Return all of the data below verbatim and exclude every picture.

━━━ Stored data

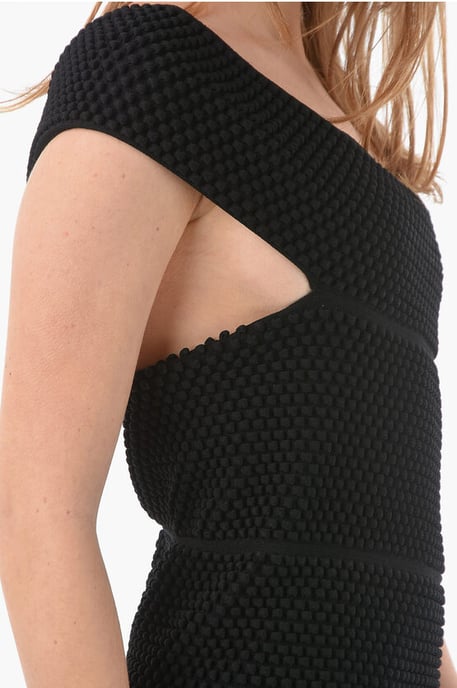 Mini-jurk met één schouder en BUBBLE KNIT in zwart - Image 3
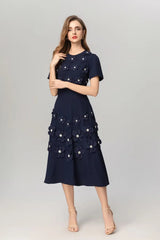 3D Flower Midi Dress in Navy Blue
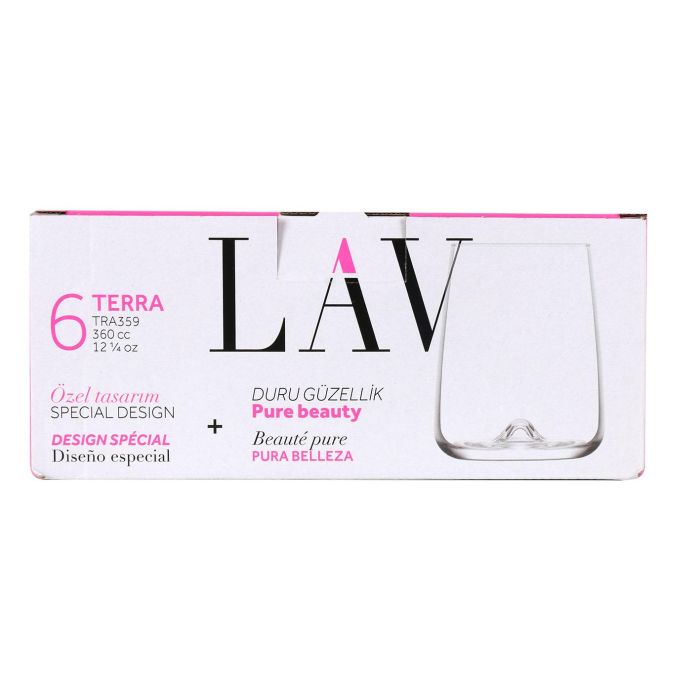 Lav Set de 6 Vasos "Terra" de 360 cc - Cristalería para Hogar (8 Cajas) 1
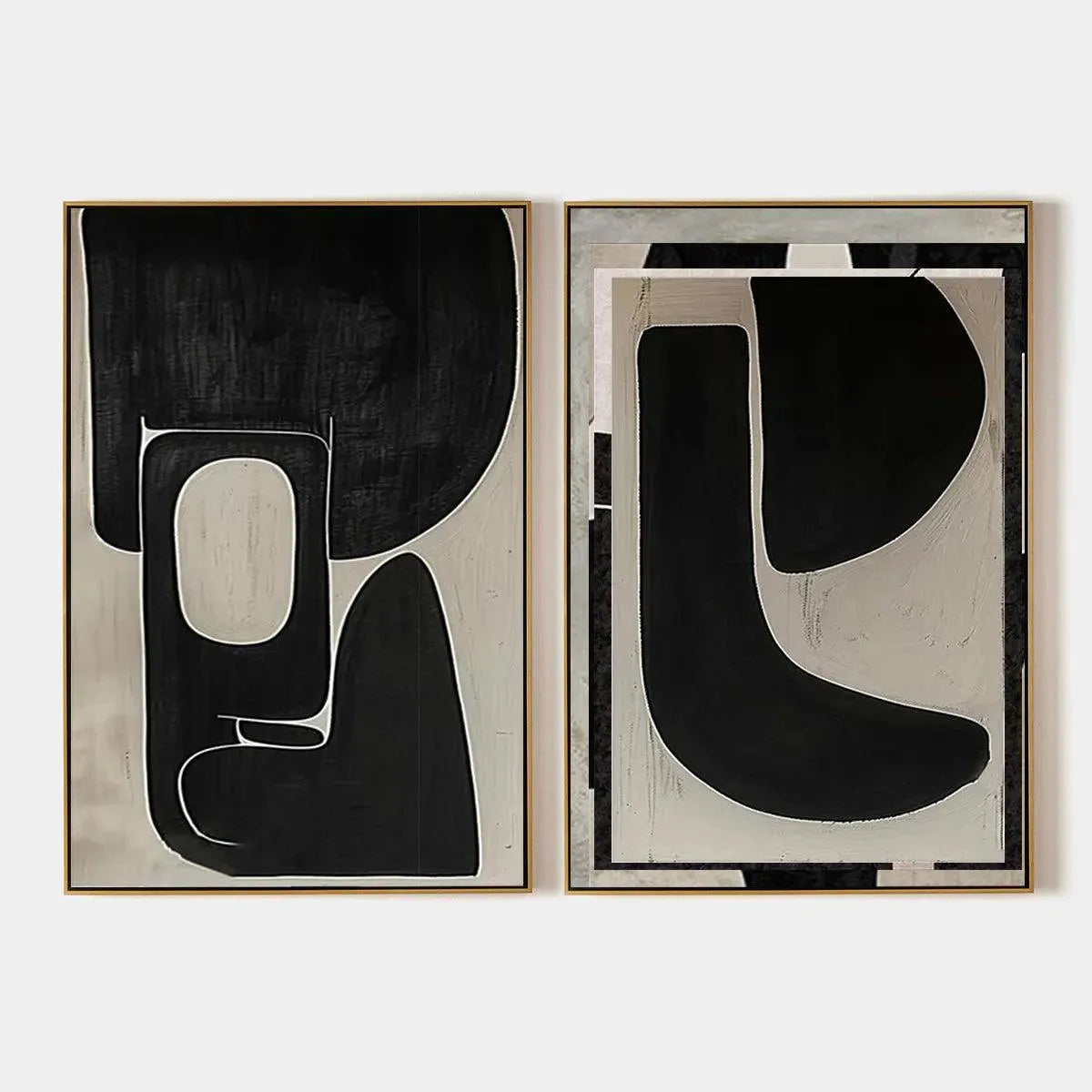 Black & Beige Abstract Diptych Ii – Wabi-Sabi Geometric Oil Painting, view 1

━━━━━━

• _Answer to this task_:
 Mini-jurk met één schouder en BUBBLE KNIT in zwart - Image 3
 3D Flower Midi Dress in Navy Blue
 Lav Set de 6 Vasos "Terra" de 360 cc - Cristalería para Hogar (8 Cajas) 1
 Black & Beige Abstract Diptych Ii – Wabi-Sabi Geometric Oil Painting, view 1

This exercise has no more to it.